[Start of Attachment]
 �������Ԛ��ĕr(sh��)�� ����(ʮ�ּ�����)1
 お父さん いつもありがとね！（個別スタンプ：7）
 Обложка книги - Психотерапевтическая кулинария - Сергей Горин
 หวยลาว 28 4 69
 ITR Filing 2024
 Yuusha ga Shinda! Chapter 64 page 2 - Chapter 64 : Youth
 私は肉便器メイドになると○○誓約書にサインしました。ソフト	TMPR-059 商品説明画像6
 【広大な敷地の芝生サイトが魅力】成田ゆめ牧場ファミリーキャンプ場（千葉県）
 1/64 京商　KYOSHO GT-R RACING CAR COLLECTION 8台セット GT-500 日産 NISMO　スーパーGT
[End of Attachment]
[Start of Attachment]
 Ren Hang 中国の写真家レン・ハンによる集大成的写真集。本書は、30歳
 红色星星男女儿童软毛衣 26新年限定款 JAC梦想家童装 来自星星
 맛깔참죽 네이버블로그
[End of Attachment]
[Start of Attachment]
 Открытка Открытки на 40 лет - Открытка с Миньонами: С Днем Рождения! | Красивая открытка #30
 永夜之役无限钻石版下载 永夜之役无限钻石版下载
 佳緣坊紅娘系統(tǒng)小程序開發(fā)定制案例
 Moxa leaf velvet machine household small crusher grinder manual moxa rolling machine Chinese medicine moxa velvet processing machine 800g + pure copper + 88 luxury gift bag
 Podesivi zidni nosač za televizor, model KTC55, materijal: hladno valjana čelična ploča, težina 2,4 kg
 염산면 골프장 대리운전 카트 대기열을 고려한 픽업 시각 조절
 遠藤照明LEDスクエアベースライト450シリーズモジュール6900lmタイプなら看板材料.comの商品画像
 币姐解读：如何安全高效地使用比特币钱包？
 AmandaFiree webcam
[End of Attachment]
> EXERCISE AIM: Give an exact copy of the lines above from the line with "红色星星男女儿童软毛衣 26新年限定款 JAC梦想家童装 来自星星" up to and including the line with "맛깔참죽 네이버블로그", and leave everything else out.

> SOLUTION TO THIS PROBLEM:
 红色星星男女儿童软毛衣 26新年限定款 JAC梦想家童装 来自星星
 맛깔참죽 네이버블로그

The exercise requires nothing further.